Segment Start: The data
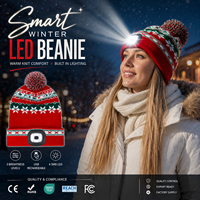 Bonnet LED rechargeable par USB avec pompon, en acrylique tricoté, chaud pour l'hiver, trois niveaux de luminosité pour la course et la marche en extérieur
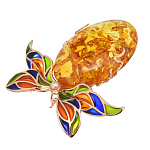 0068233/18,75г Серебро 925* БРОШЬ  вст.Янтарь/позолота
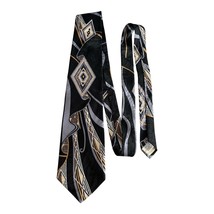 Alexander Lloyd Men’s Silk Tie – Geometric Diamond Pattern – Black, Gold... - $413.18 MXN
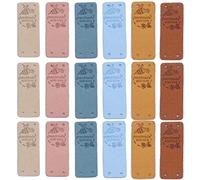 Houhounb Etichette in tessuto fatte a mano Etichette rettangolari per stoffe da cucito, etichette in pelle, con fori, pieghevole, per decorazioni fai da te, cucito, 6 colori, 30 pezzi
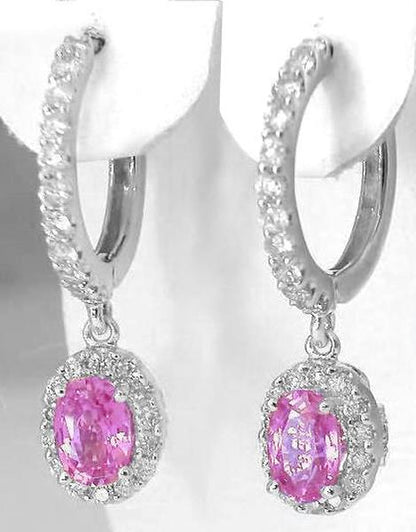 Halo set oval cut natural pink sapphire ring in 14k white gold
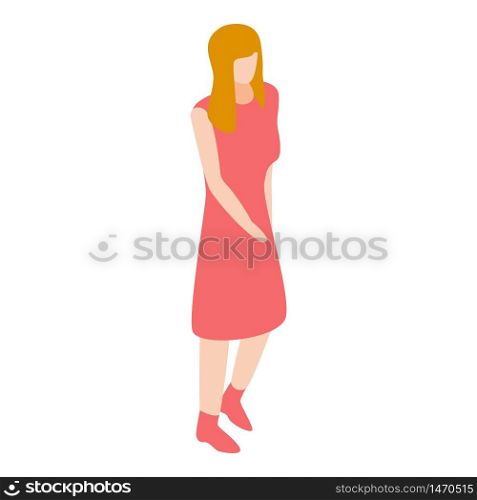 Girl in red dress icon. Isometric of girl in red dress vector icon for web design isolated on white background. Girl in red dress icon, isometric style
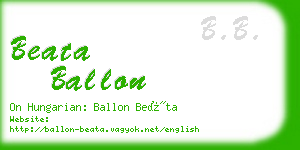 beata ballon business card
Segment End: The data
● **What is needed**
Leaving out the pictures, please transcribe exactly the lines from the one that holds "Girl in red dress icon." through the last line of the entries above, both included.

● **Expected output**
 Girl in red dress icon. Isometric of girl in red dress vector icon for web design isolated on white background. Girl in red dress icon, isometric style
 beata ballon business card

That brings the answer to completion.